What you need to do: Please give back each entry below unaltered, leaving the pictures out.

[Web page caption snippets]
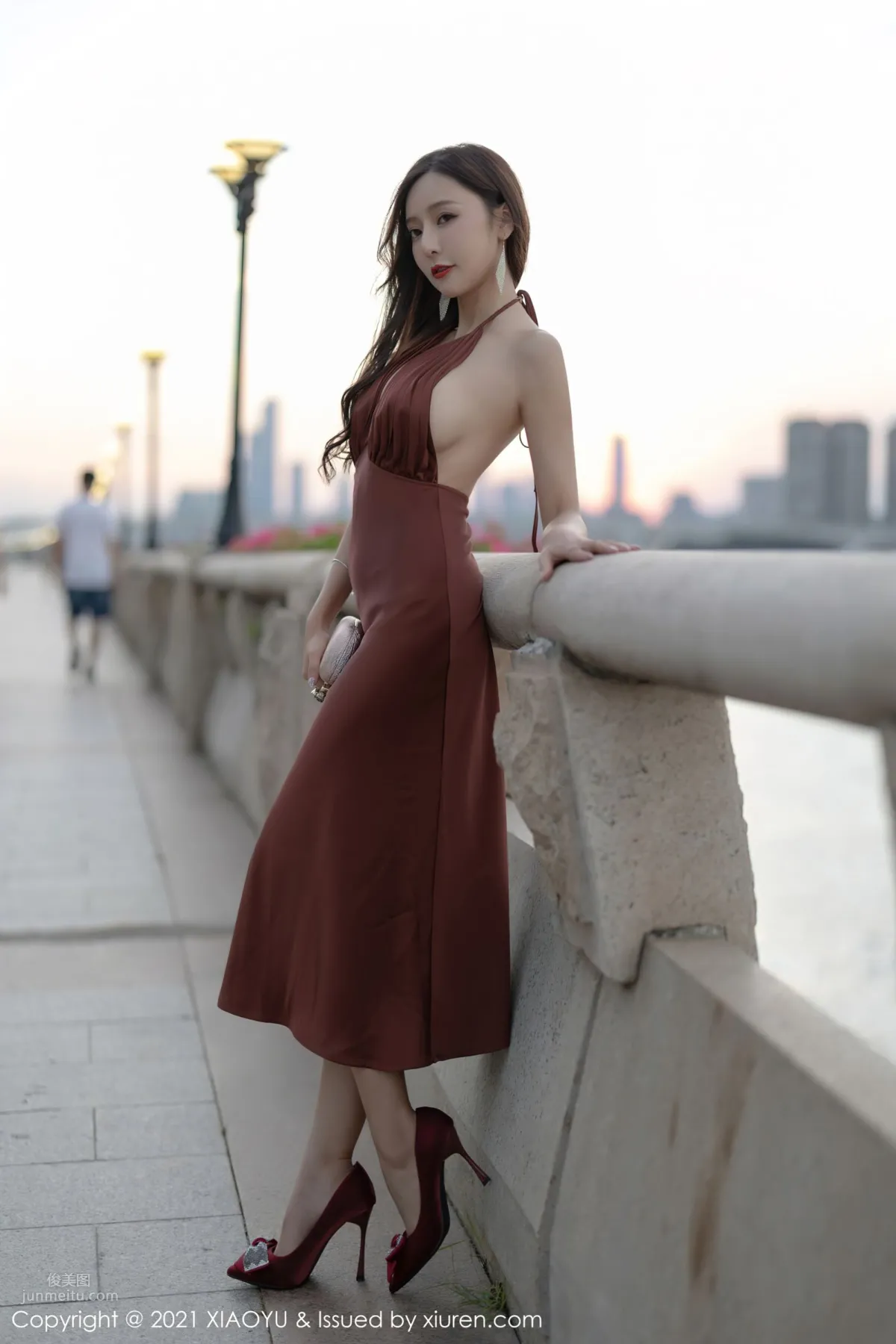 你的女神王馨瑤 香槟色吊裙勾勒 2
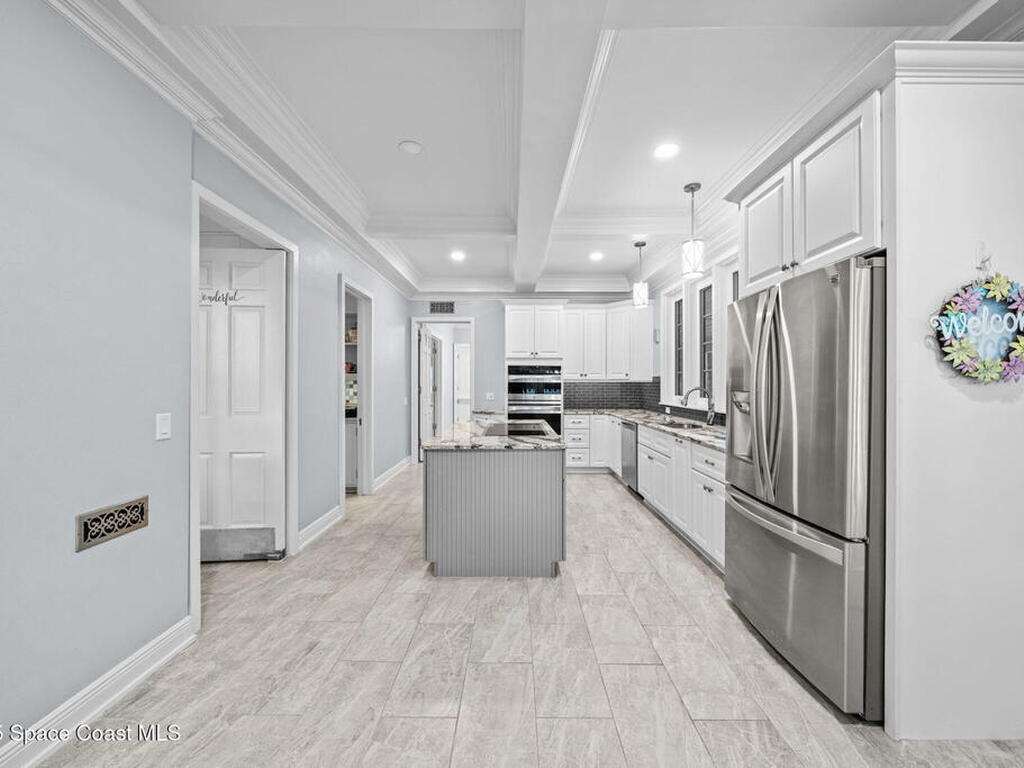 875 N Indian River Drive, Cocoa, FL 32922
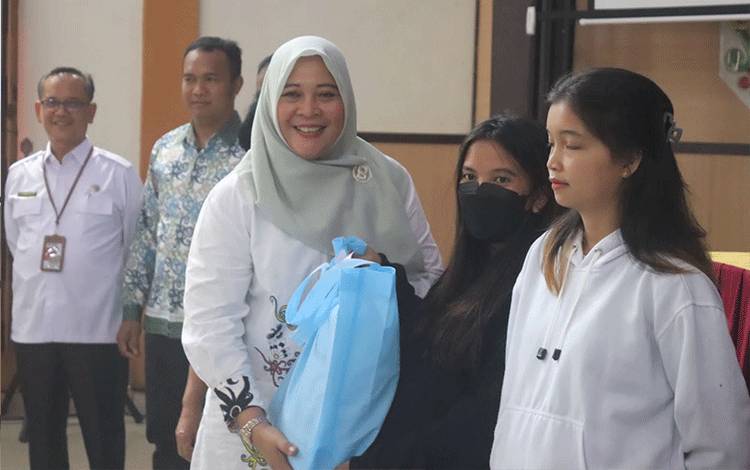 Penyerahan Paket Sekolah saat rangkaian sosialisasi di Gedung Serba Guna Dinas Kesehatan Kabupaten Pulang Pisau, Rabu, 20 Desember 2023. (FOTO: IST)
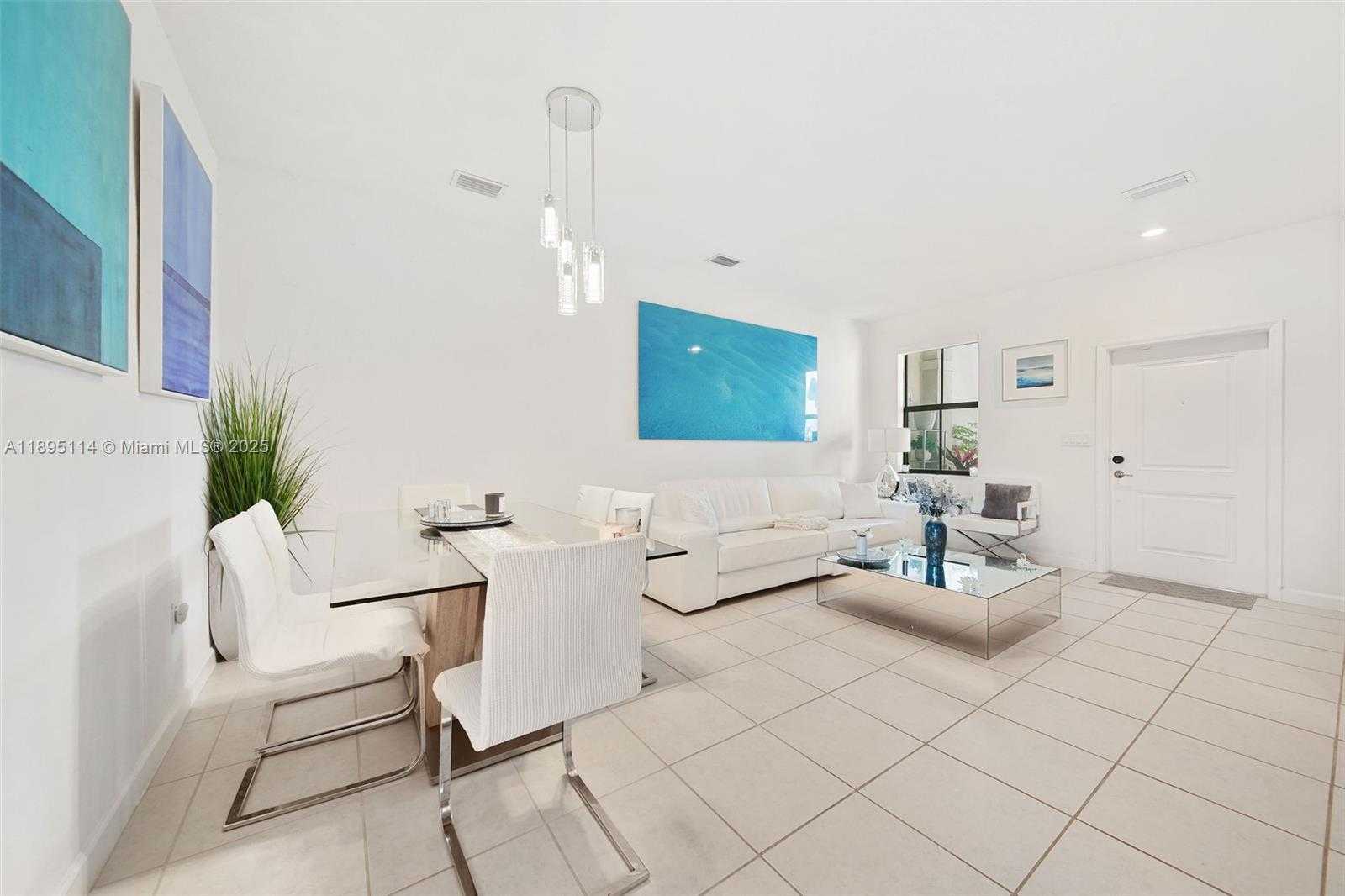 Small Image of 493 NORTH WEST 204TH ST, Miami Gardens Number 3
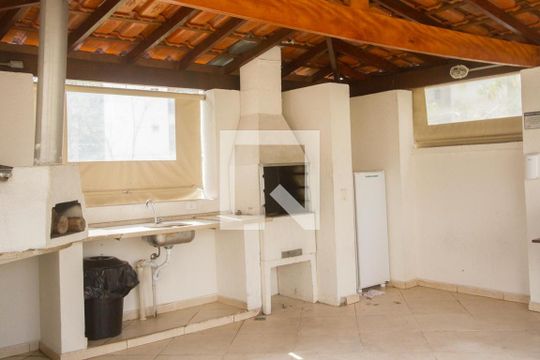 Churrasqueira de apartamento para alugar com 2 quartos, 55m² em Vila das Belezas, São Paulo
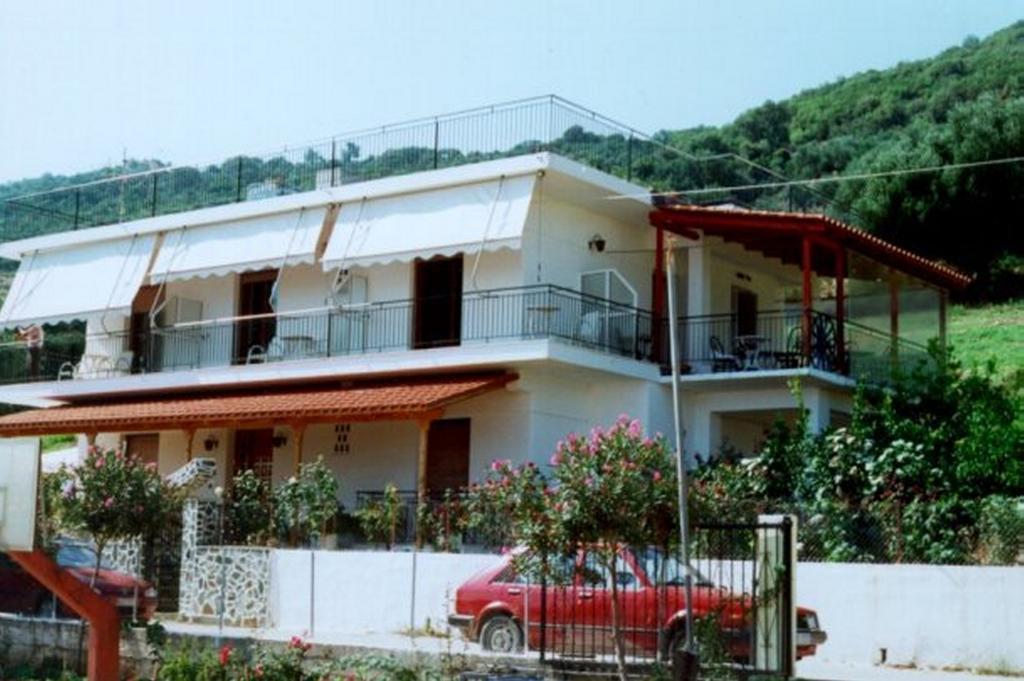Villa Marabou Poros  Esterno foto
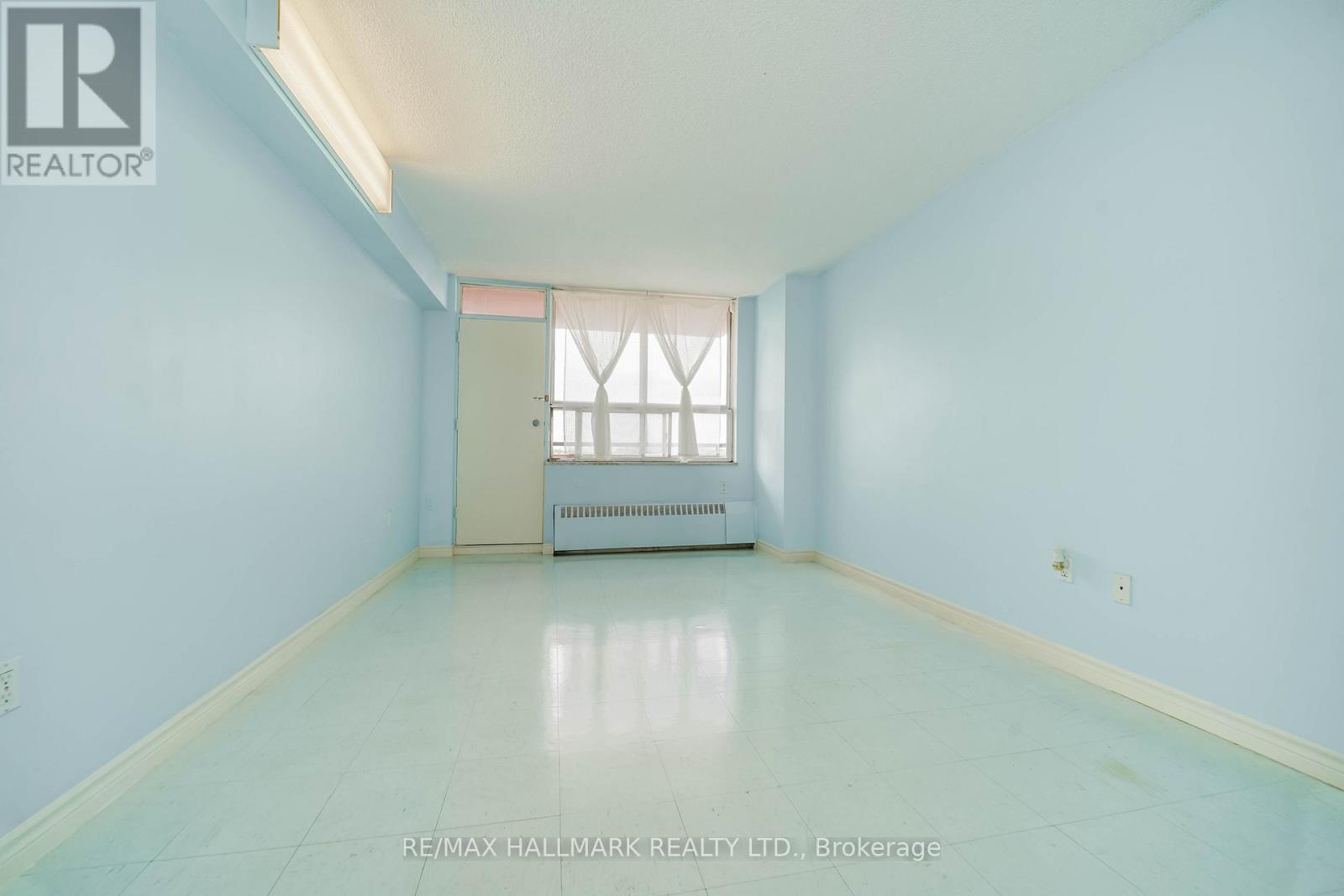 411 - 50 Lotherton Pathway, Toronto, Ontario  M6B 2G7 - Photo 7 - W12655498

Exercise solution:
 你的女神王馨瑤 香槟色吊裙勾勒 2
 875 N Indian River Drive, Cocoa, FL 32922
 Penyerahan Paket Sekolah saat rangkaian sosialisasi di Gedung Serba Guna Dinas Kesehatan Kabupaten Pulang Pisau, Rabu, 20 Desember 2023. (FOTO: IST)
 Small Image of 493 NORTH WEST 204TH ST, Miami Gardens Number 3
 Churrasqueira de apartamento para alugar com 2 quartos, 55m² em Vila das Belezas, São Paulo
Villa Marabou Poros  Esterno foto
 411 - 50 Lotherton Pathway, Toronto, Ontario  M6B 2G7 - Photo 7 - W12655498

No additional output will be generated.